Le 23 octobre, les premières troupes légères embarquées sur les galères de Gènes et de Malte sont mises à terre sous la protection de l’artillerie des nefs. Dès que la plage est tenue, c’est au tour de l’infanterie lourde d’y prendre pied : infanterie espagnole, lansquenets allemands, régiments italiens débarquent suivis des premiers éléments de cavalerie et de six pièces d’artillerie de campagne.
Dès le lendemain le corps expéditionnaire se met en marche vers l’ouest. Le plan initial des impériaux est d’envelopper la ville par le sud, d’appuyer cet encerclement terrestre par un bombardement naval contre le port et les fortifications puis de donner l’assaut aux trois portes: Bab Azoun, Porte Neuve, Bab el-Oued. On s’assure du promontoire de Koudyat-es-Saboun qui domine Alger d’où Charles Quint observera et dirigera la manœuvre, cette hauteur est connue depuis lors sous le nom de « Fort l’Empereur ».

En fin d’après-midi, les troupes campent sous les remparts mais le temps se met à l’orage et à la pluie ; cette dernière tombera sans discontinuer pendant toute la nuit, si bien que le 25 octobre au lever du jour les troupes sont trempées, transies et fatiguées par le harcèlement auquel elles ont été soumises de la part des arabes. La garnison d’Alger se trouve sous les ordres du Cheykh Sidi Said Cherif. El-Hadj Mami qui a reçu pour mission de défendre la porte de Bab Azoun profite du piteux état des troupes impériales pour faire une furieuse sortie. La pluie a neutralisé les arquebuses car les mèches et la poudre étant mouillées, elles sont désormais inutiles faces aux arbalètes de l’adversaire. Le choc est terrible mais les chevaliers de Malte en première ligne, épaulés par les italiens, résistent si bien que les algériens finissent par se replier dans la ville. Poursuivis, ils ferment la porte de Bab Azoun et accablent les assaillant sous une pluie de projectiles d’artillerie, d’arquebuses et d’arbalètes. Les chevaliers de Malte conduisent l’assaut, parmi eux Nicolas Durand, chevalier de Villegagnon futur héros de la France australe paye de sa personne, mais l’artillerie de siège n’a pas été débarquée, et l’artillerie de campagne n’a aucun effet sur les fortifications. On dit que Ponce de Balaguer dit Savignac, porte étendard du Bailli Georges Schilling, plante alors sa dague dans la porte en criant « nous reviendrons… », avant qu’une nouvelle sortie des assiégés ne bouscule les troupes italiennes du prince Colonna, trois compagnies sont mises à mal. Les chevaliers tentent de protéger la retraite : Villegagnon est blessé par deux fois, Ponce de Balaguer tué, et seule l’intervention des lansquenets avec l’empereur à leur tête évite la déroute. Mais la journée est perdue, les pertes italiennes sensibles et il faut se replier.

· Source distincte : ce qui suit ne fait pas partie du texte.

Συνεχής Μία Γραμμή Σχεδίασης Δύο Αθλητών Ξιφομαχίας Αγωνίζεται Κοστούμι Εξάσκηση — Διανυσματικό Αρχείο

La pluie n’a toujours pas cessé, elle tombera pendant près de 60 heures et un terrible vent de nord-est souffle maintenant en tempête. Pendant que les troupes combattent à terre, la situation en mer est devenue dramatique. Mouillés devant une côte ouverte, les navires sont sans protection contre les vents furieux et la mer qui rapidement se creuse et devient énorme. Les galères les plus proches de terre ne tiennent pas sur leurs grappins et 15 d’entre elles sont jetées à la côte, les naufragés sont aussitôt attaqués sur la plage par les troupes maures. Plus au large les vaisseaux et les navires de transport chassent eux aussi sur leurs ancres, nombre d’entre eux sont également drossés sur la plage, d’autres encore abordent ceux dont les ancres ont mieux tenu et coulent au milieu de la tourmente. L’estimation la plus basse des pertes s’élèvent à 86 bâtiments dont 40 à 50 grands vaisseaux.
Andrea Doria pour sauver l’essentiel de l’Armada donne l’ordre d’appareillage, le 26 octobre ce qui reste de la flotte va mouiller sous l’abri précaire du Cap Matifou, les galères encore valides remorquant les nefs.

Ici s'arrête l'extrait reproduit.